Dusen screamed. The tortured sound ululated through the empty building.
“Now,” Craugh said calmly and coldly, “you will speak only when I ask you to. Otherwise the spider will bite your eye and that sight will be the last thing you ever see because the poison will rot your flesh. Do you understand?”
Nausea stirred in Juhg’s stomach. He knew from past experience that Craugh could be hard and merciless, but he had never seen the wizard take such advantage of a helpless foe.
Is this what he was like when he went in search of The Book of Time?
Juhg couldn’t help but wonder.
And if it is, does this mean that he’s reverting to that
older self now that the prize is almost in his hand?
He swallowed hard, filled with the fear of what was about to happen to the smuggler leader as well as the rest of their little group. He hoped that Hallekk had—or would—at least rescued the Grandmagister. If Craugh truly let his evil nature show, Juhg could only hope that the Grandmagister was clever enough to stop him.
“I … understand,” Dusen whispered, staring in hypnotic fascination at the spider’s poised legs.
“Good.” Craugh laid his staff across his knees and gave every appearance of being totally comfortable. “Tell me how you found this place.”
Talking slowly and with care, Dusen relayed how Moog—one of the smugglers who was now dead and whose body now floated in the dark water below——had followed the little redhaired dweller out of curiosity to the building near the broken bridge. The building had not been nearly as sunken then as it was now. Afterward Moog had shown the building to Dusen, shown how the windows had been filled in against the flooding that occurred when the island it had been built on had sunk beneath the waves.
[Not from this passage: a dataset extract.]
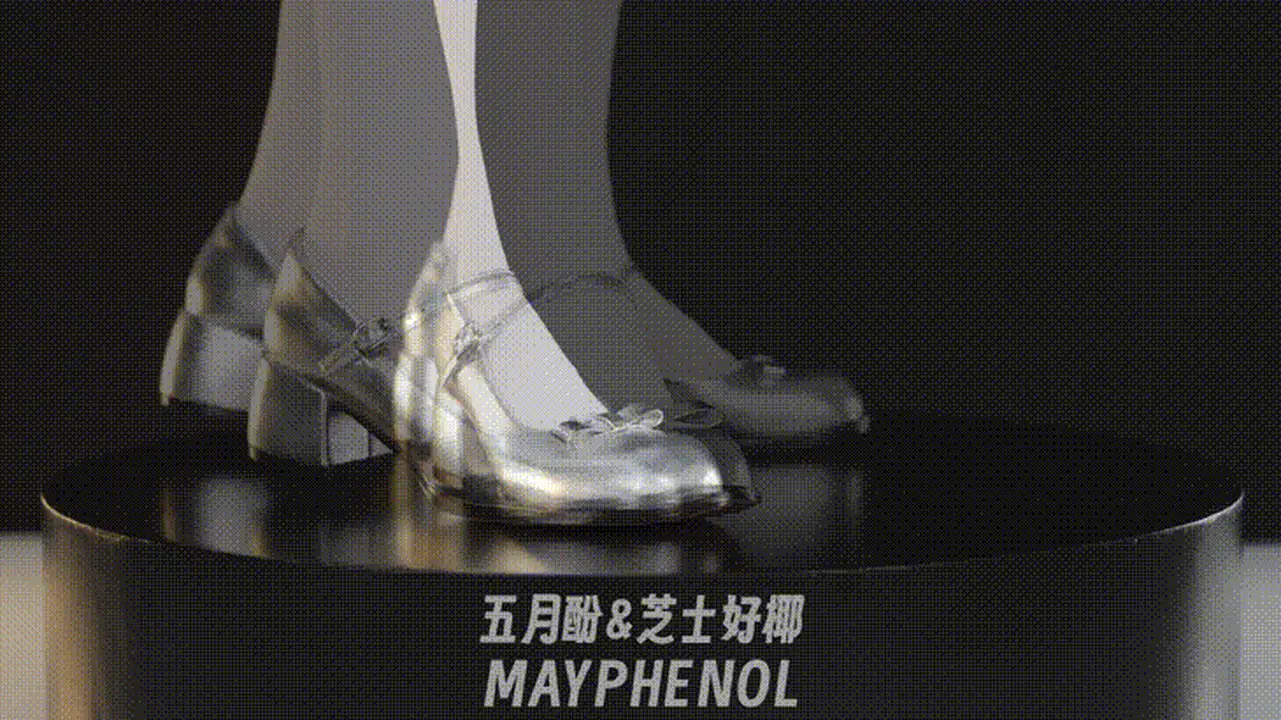 图片[3]-芝士好椰全套/视频（自动更新）-绯色映画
“Why do you think this building was so preserved?” Craugh asked.
“There was supposed to be a treasure here from the time before Lord Kharrion raised up the goblinkin hordes and nearly took over the world. That has always been the rumor.”
“Was there a treasure?”
“Perhaps. But it was long gone from this place.”
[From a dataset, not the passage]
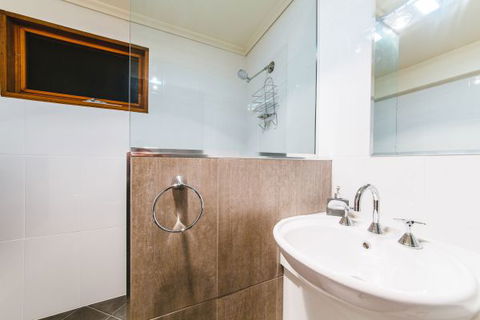 Alpine Edge Accommodation - Hervey Bay Accommodation 3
“But enough people believed in it that the building was preserved,” Craugh pointed out.
“I had the story from one of the taletellers in the Quarry District, where the dwarves cut stone from the heart of the earth to construct buildings with. He told me that the dwarves a long time ago spent years sealing up this building and others around it, then pumping it dry.”
“And no treasure was found?”
“A few things. Gold coins. A scattering of gems. Enough so that people knew a treasure had once been held here. Either it was taken when the underwater quakes reaved the island or shortly thereafter, before the sinking became so extensive.”
“Did anyone ever say why only this place was affected?”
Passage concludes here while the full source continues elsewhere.